YOUR GOAL →
In the entries below, find the line with "MINI Cooper S 2,0 JC Works Cabriolet aut." and the line with "ส่งท้ายคริสต์มาสแสนสุขปี 2024 ด้วย". Repeat exactly everything between them, those two lines included, but not the pictures.

ENTRIES SUPPLIED →
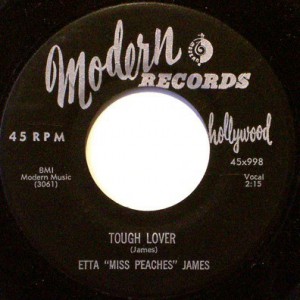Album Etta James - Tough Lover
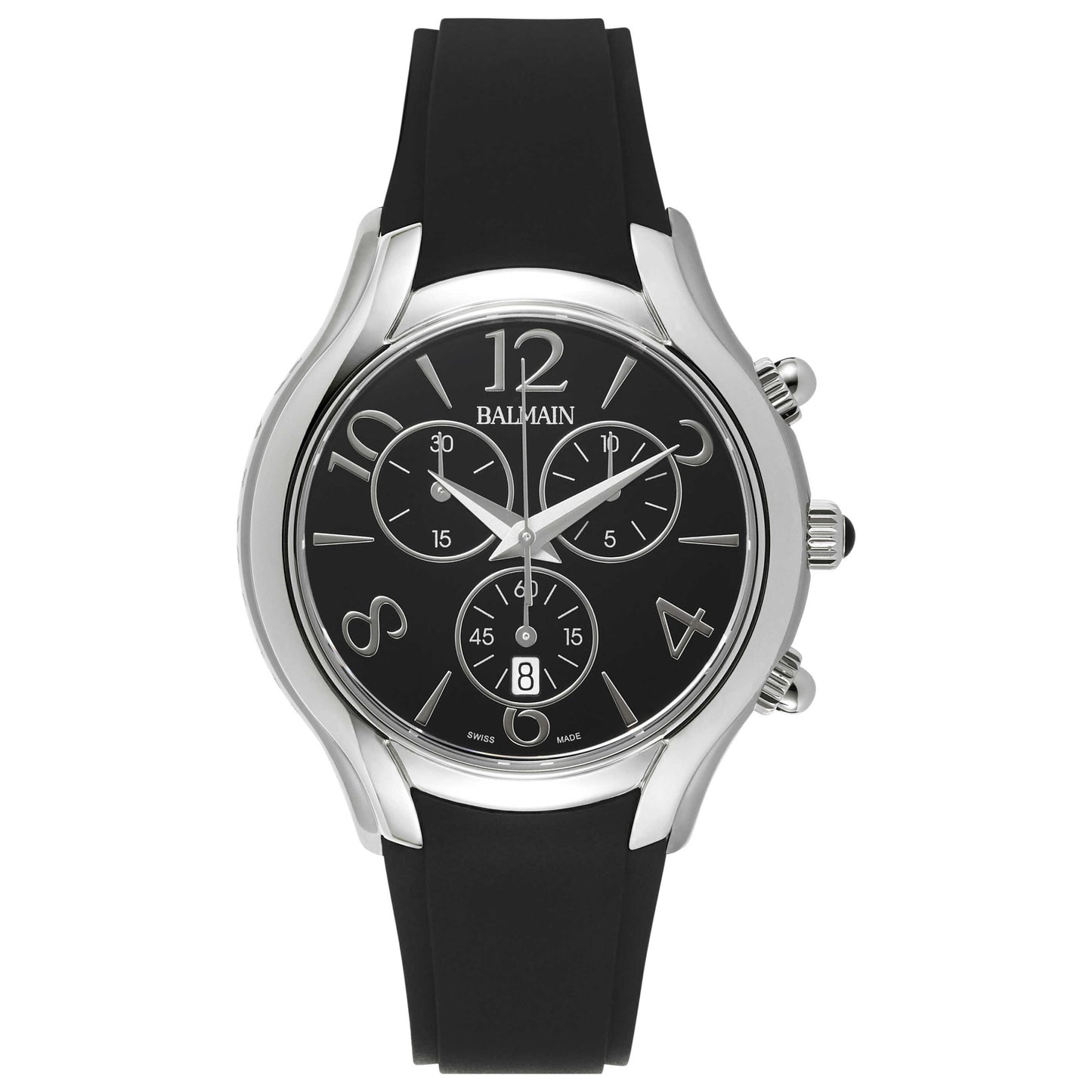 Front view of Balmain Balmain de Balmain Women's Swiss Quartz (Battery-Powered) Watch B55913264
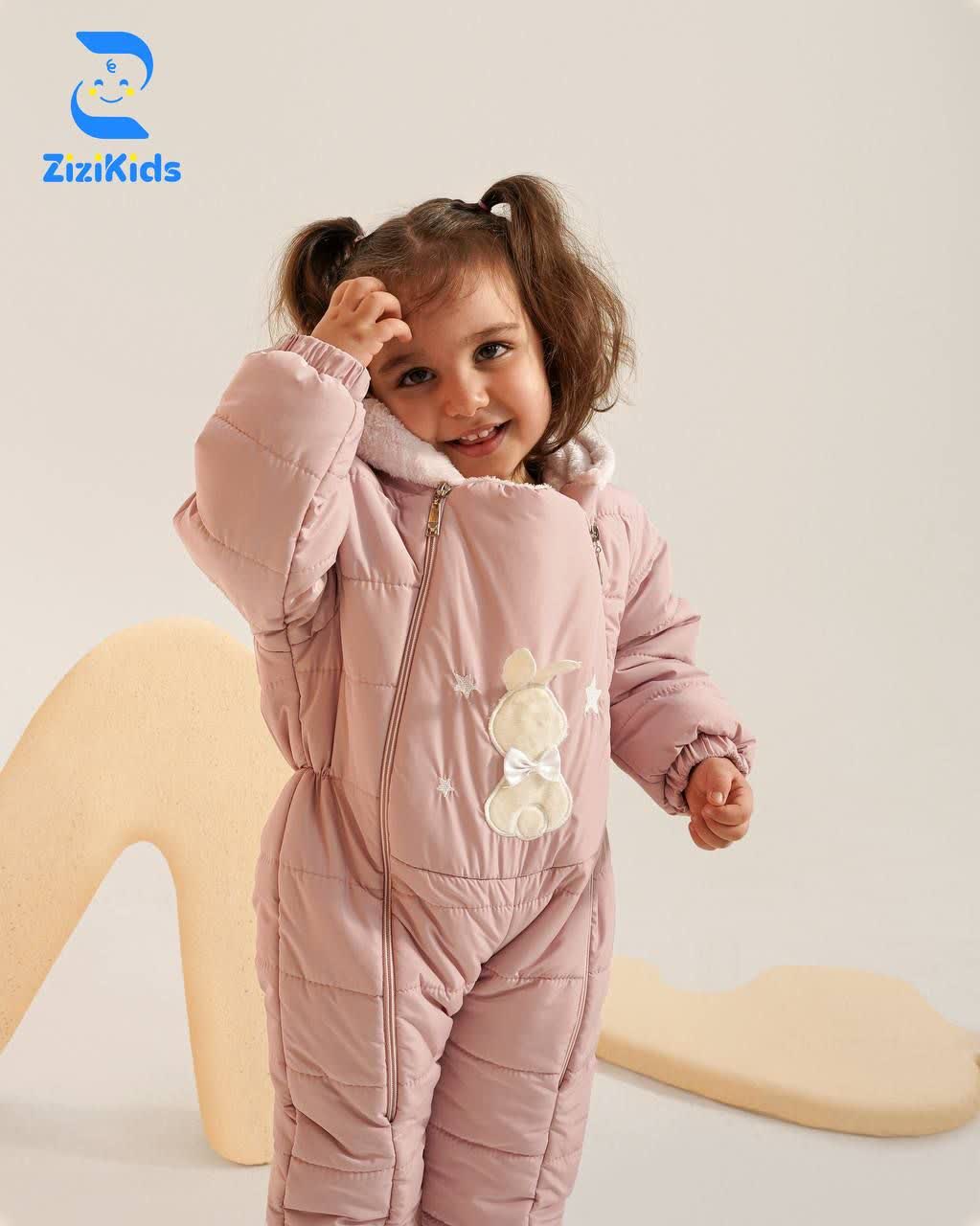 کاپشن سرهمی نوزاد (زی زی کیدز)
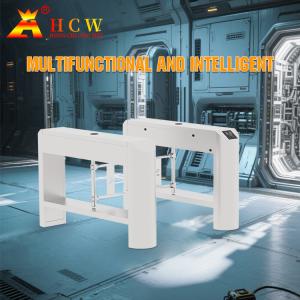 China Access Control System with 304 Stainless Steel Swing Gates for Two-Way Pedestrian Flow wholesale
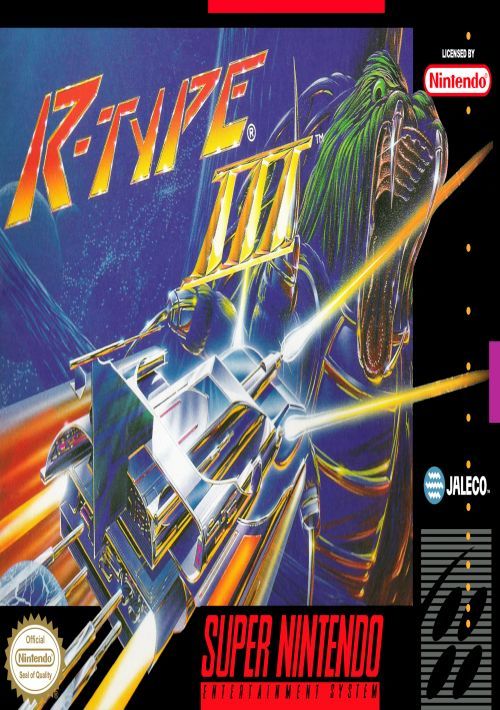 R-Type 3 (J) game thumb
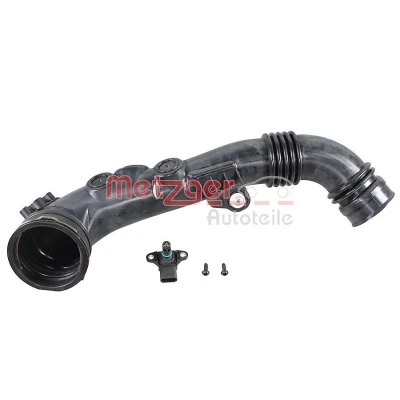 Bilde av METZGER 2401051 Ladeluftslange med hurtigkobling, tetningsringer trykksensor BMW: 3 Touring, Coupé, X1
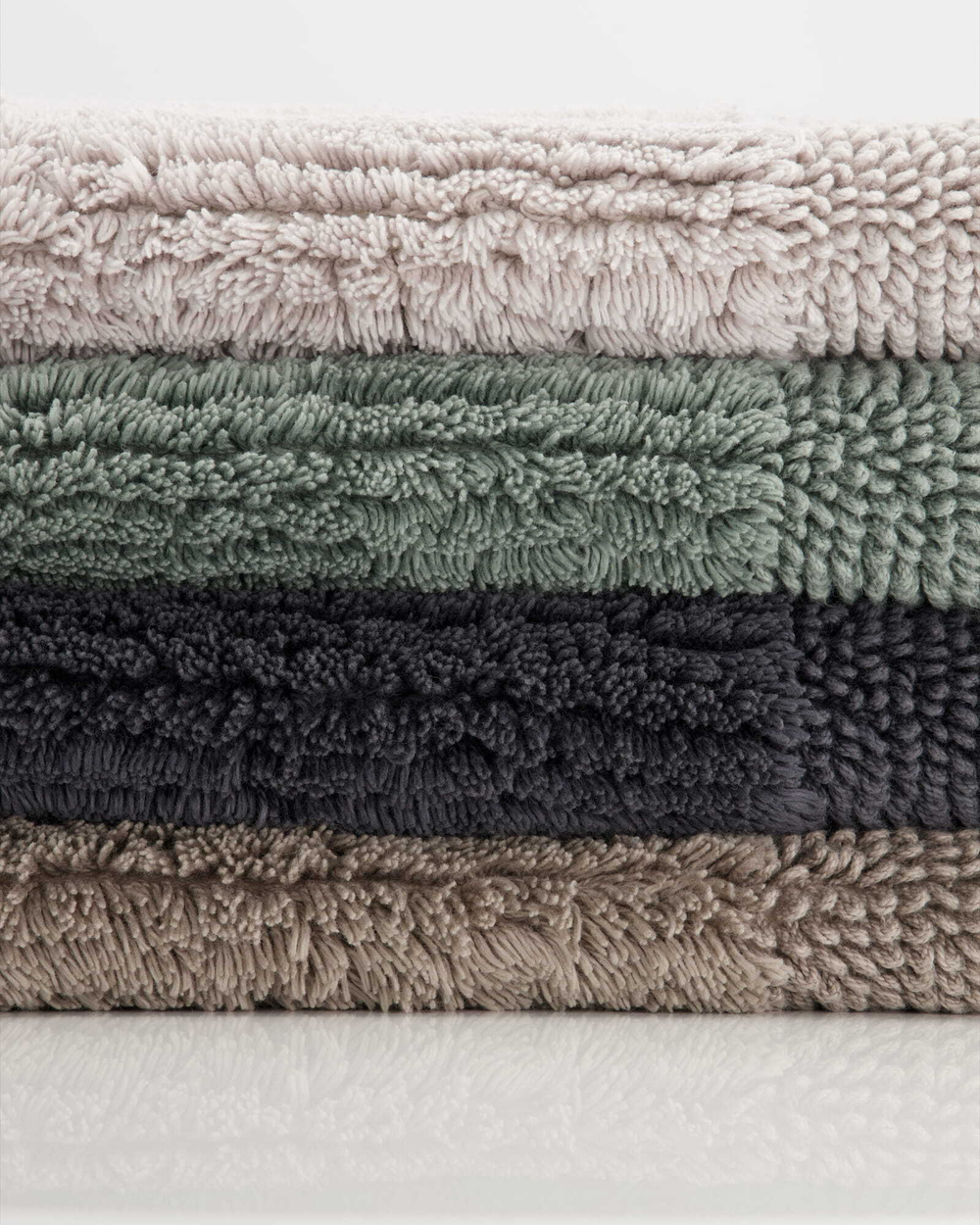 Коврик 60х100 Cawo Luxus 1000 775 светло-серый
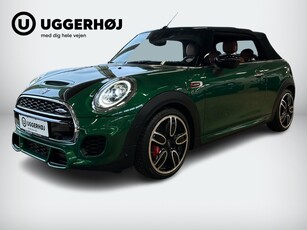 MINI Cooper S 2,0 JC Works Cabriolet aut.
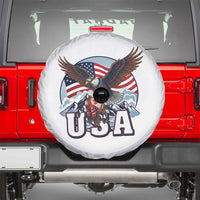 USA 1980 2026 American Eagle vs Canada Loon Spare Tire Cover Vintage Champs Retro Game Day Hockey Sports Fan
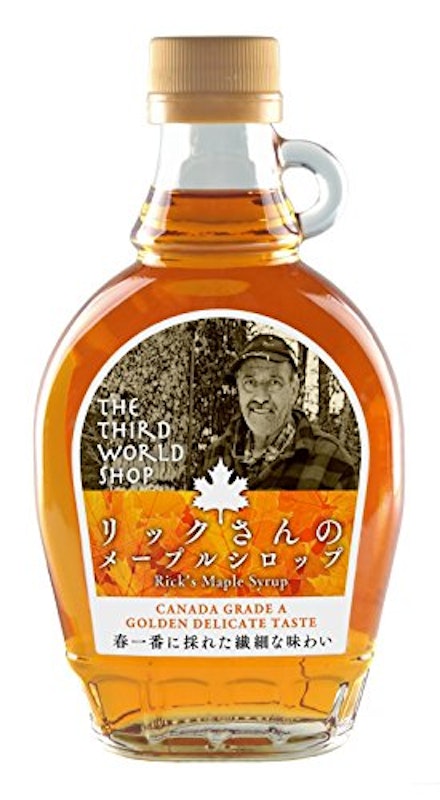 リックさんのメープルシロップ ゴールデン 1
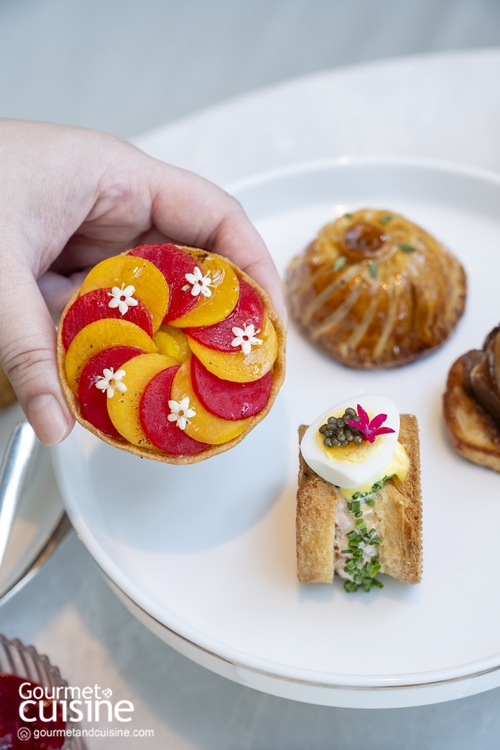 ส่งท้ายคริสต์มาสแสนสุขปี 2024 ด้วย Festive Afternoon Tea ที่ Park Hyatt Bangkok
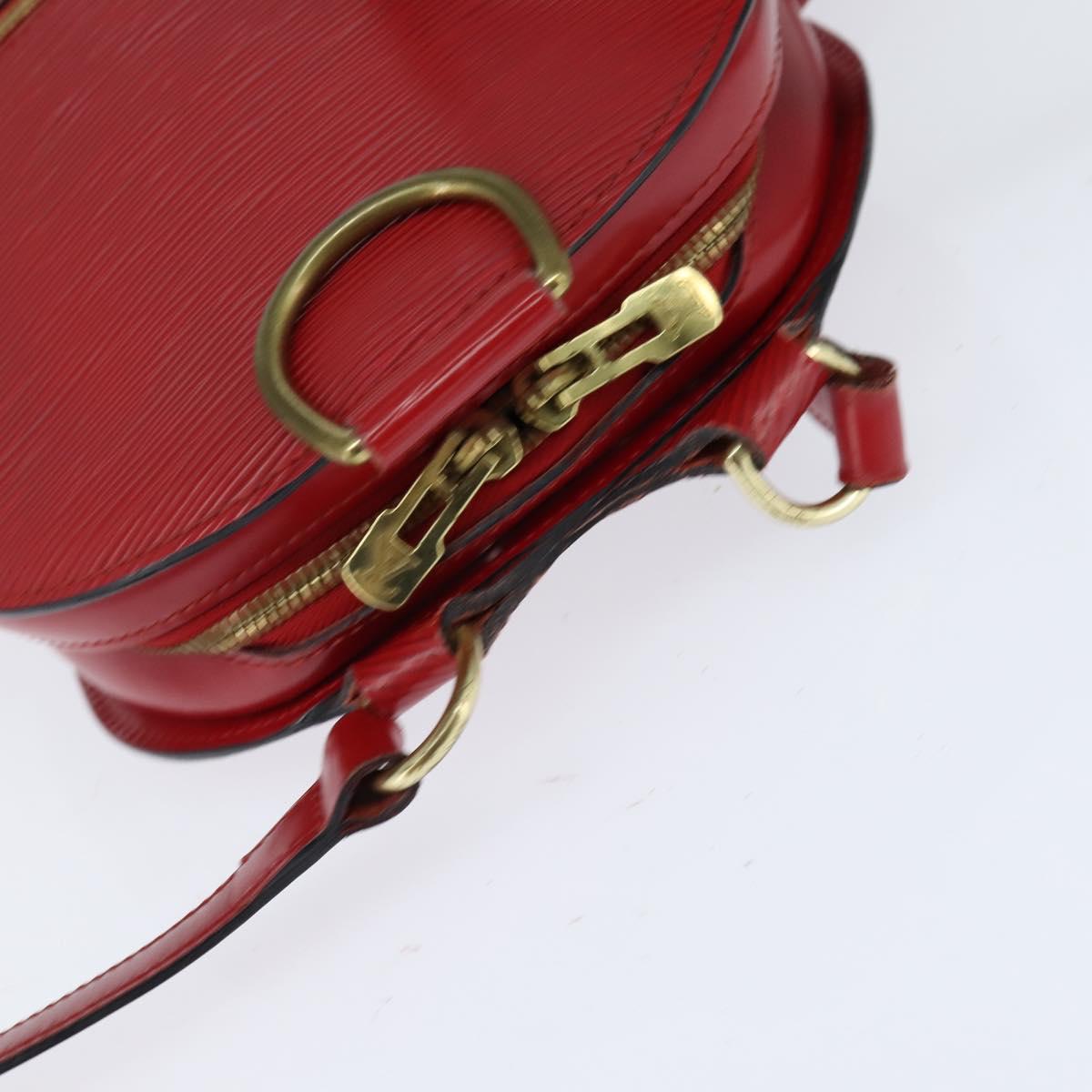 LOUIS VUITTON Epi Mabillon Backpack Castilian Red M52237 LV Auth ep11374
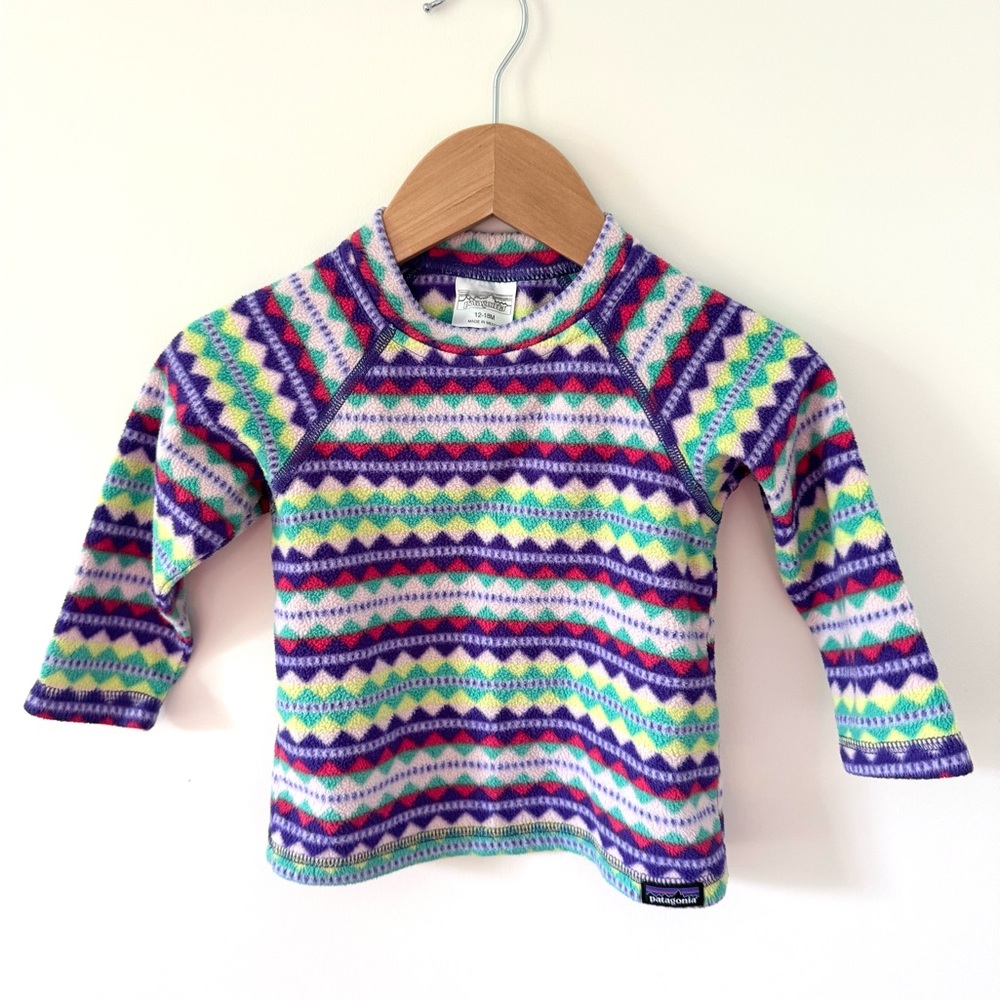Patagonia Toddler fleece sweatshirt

SOLUTION TO THIS TASK →
 MINI Cooper S 2,0 JC Works Cabriolet aut.
 USA 1980 2026 American Eagle vs Canada Loon Spare Tire Cover Vintage Champs Retro Game Day Hockey Sports Fan
 リックさんのメープルシロップ ゴールデン 1
 ส่งท้ายคริสต์มาสแสนสุขปี 2024 ด้วย Festive Afternoon Tea ที่ Park Hyatt Bangkok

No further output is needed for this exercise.